# Aim of the exercise:
The answer should hold only the lines from the one containing "CHI Royal Treatment" through the one containing "the album cover for Moebius - Tonspuren" in the entries below, copied exactly, without pictures.

# Exercise data:
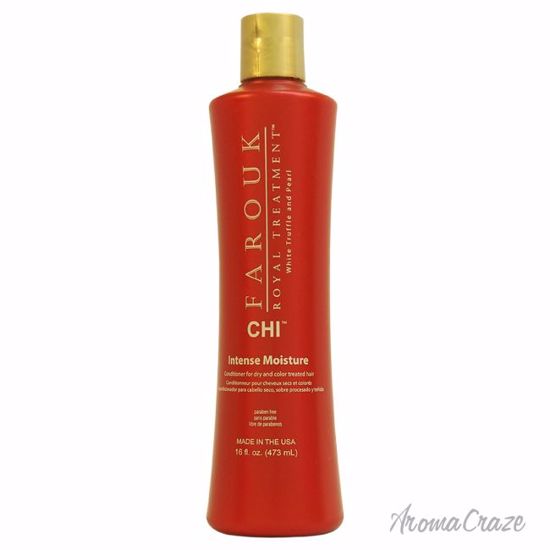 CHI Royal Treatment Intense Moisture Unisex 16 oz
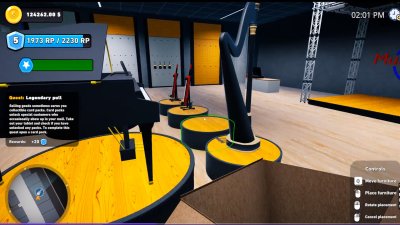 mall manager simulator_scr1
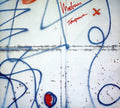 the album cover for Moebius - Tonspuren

--

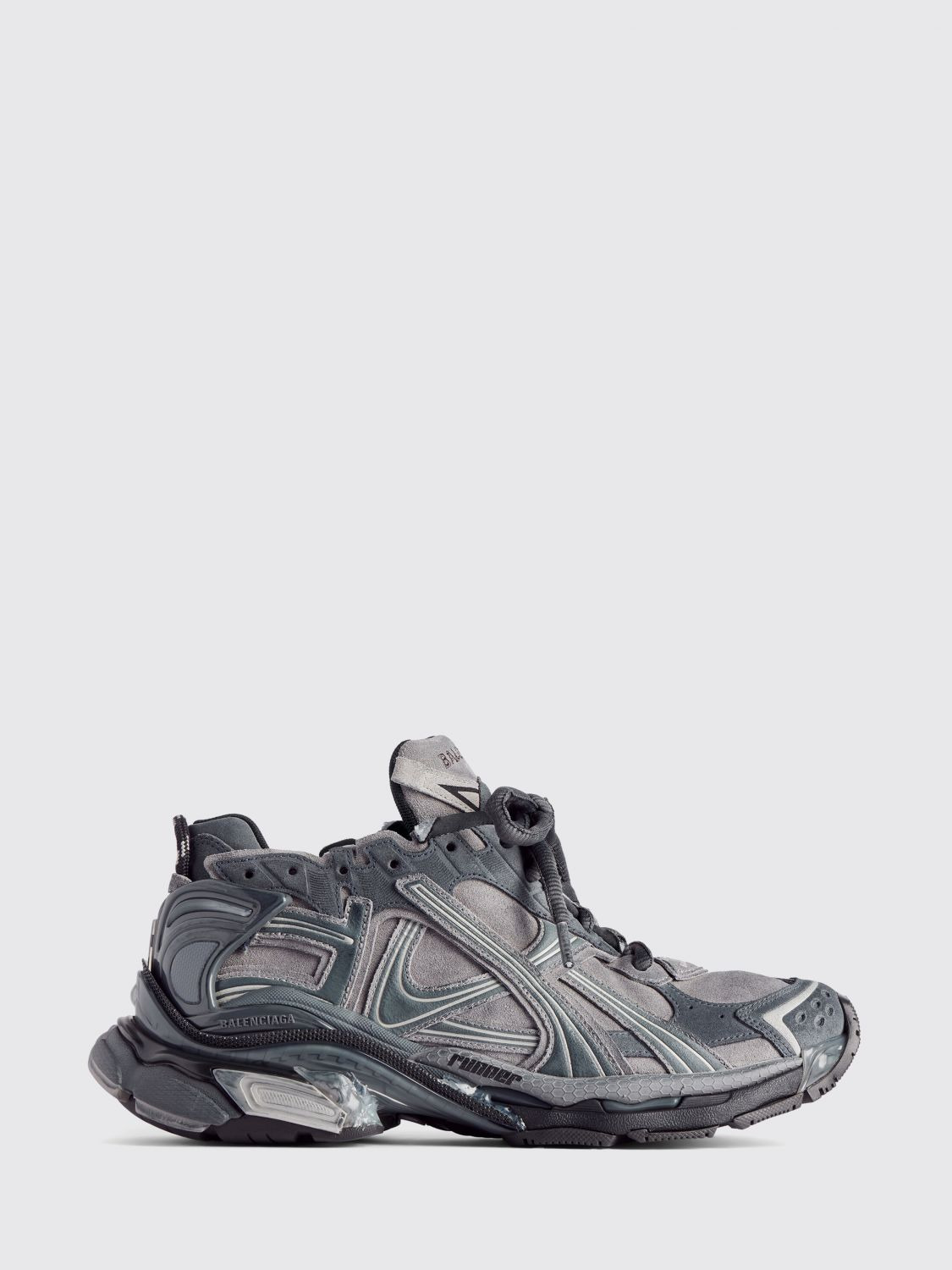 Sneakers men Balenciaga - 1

==

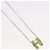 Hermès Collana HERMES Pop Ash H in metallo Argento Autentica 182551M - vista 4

# Written solution:
 CHI Royal Treatment Intense Moisture Unisex 16 oz
 mall manager simulator_scr1
 the album cover for Moebius - Tonspuren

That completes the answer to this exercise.